Two US executives of investment fund Lone Star may face extradition to South Korea after a Seoul court yesterday issued an arrest warrant on charges of manipulating share prices.
Prosecutors confirmed they would seek to extradite the executives of the Dallas-based fund, which has been beset by legal problems since it bought the ailing Korea Exchange Bank (KEB) in 2003.
The charges are punishable by up to 10 years in jail.
PHOTO: AFP
The court said Lone Star vice chairman Ellis Short and general counsel Michael Thomson had failed to cooperate in the prosecutors' probe. The pair said that even before warrants were issued, they were threatened with arrest if they came to Seoul.
"We have offered repeatedly to come to Korea for questioning, as long as we are allowed to leave. We remain willing to cooperate fully with the prosecutors' investigation if they abide by international standards of justice," Short said in a statement.
The US fund has denied any wrongdoing and has said it is the victim of a politically motivated investigation driven by hostility to foreign investors, who are closely watching the case.
Its attempt to sell KEB for a likely multi-billion dollar profit has been delayed by the prosecution investigations.
The Seoul Central District Court issued the warrants after rejecting two previous requests by prosecutors to arrest Short, Thomson and Yoo Hoe-won, the head of Lone Star Advisers Korea.
It again refused yesterday to issue an arrest warrant for Yoo, who is in Korea, Yonhap news agency reported.
"The extradition request will be made through diplomatic and judicial authorities of both countries," said Kang Chan-woo, spokesman for the prosecutor general's office.
The procedure may take several months or a few years, he said.
After Lone Star took over KEB, Short, Thomson and Yoo are suspected of manipulating the share price of KEB's credit card unit so it could be absorbed into the main bank more cheaply.
Seoul prosecutors claim smaller shareholders of the card unit suffered losses totaling 22.6 billion won (US$24 million).
Short said he and Thomson were "disappointed" with the decision to issue arrest warrants. He said the decision stemmed from their failure to comply with a prosecution summons to appear for questioning.
"As we have said before, we did not comply with that summons solely because of the prosecutors' threat to put us in jail if we came to Korea for questioning, a condition that is simply not acceptable," Short said.

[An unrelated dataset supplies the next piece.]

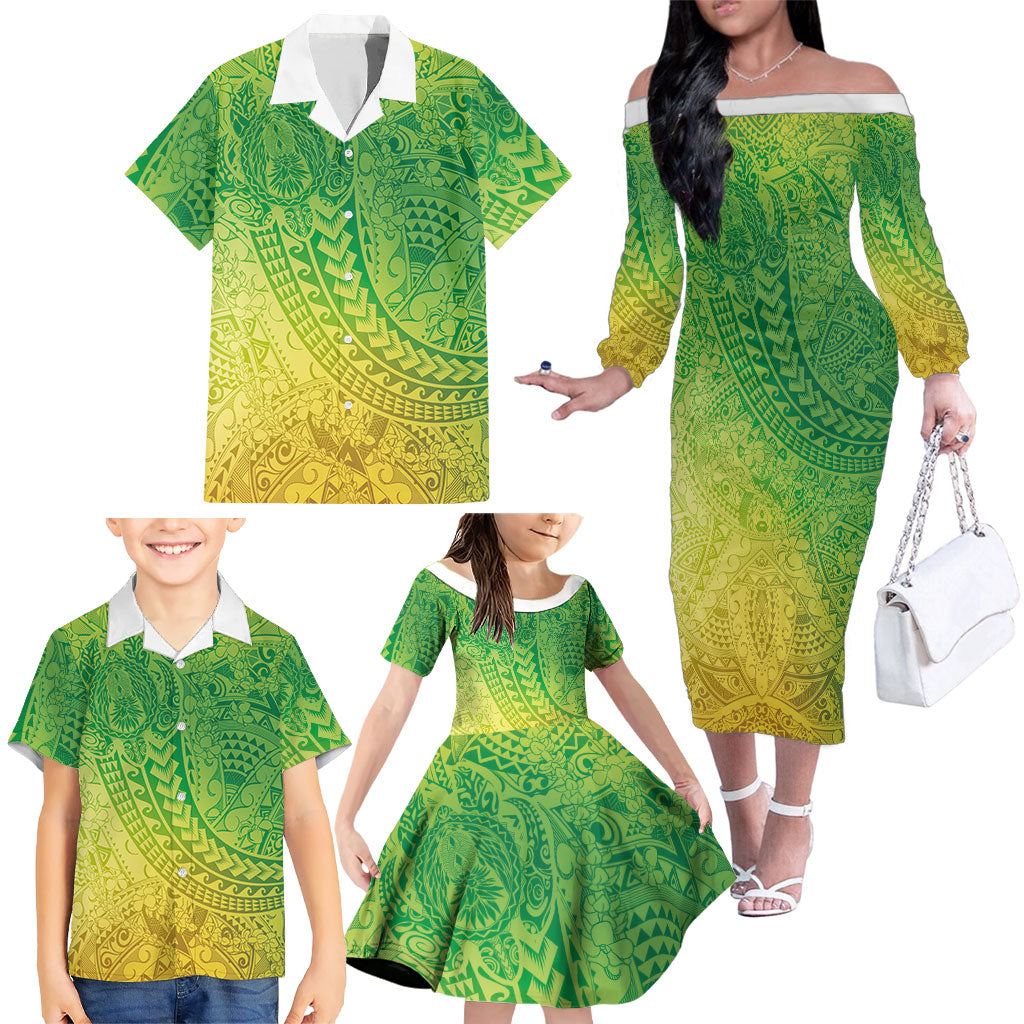Hawaiian Turtles and Leis Family Matching Off The Shoulder Long Sleeve Dress and Hawaiian Shirt Tribal Kakau Pattern Fresh Summer Vibe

Senior judge Min Byung-hoon said there were "considerable reasons to suspect that the accused might have committed crimes as depicted in the request for arrest warrants," adding that the investigation had advanced enough to press charges.
"In this regard, these are crimes that require the extradition of the accused," the judge said, also citing prosecutors' claims that the two US executives had six times rejected summonses to appear for questioning.
Lone Star bought a 51 percent stake in KEB for 1.38 trillion won in 2003. It recently signed a deal with top lender Kookmin Bank to sell its current 64.62 percent stake.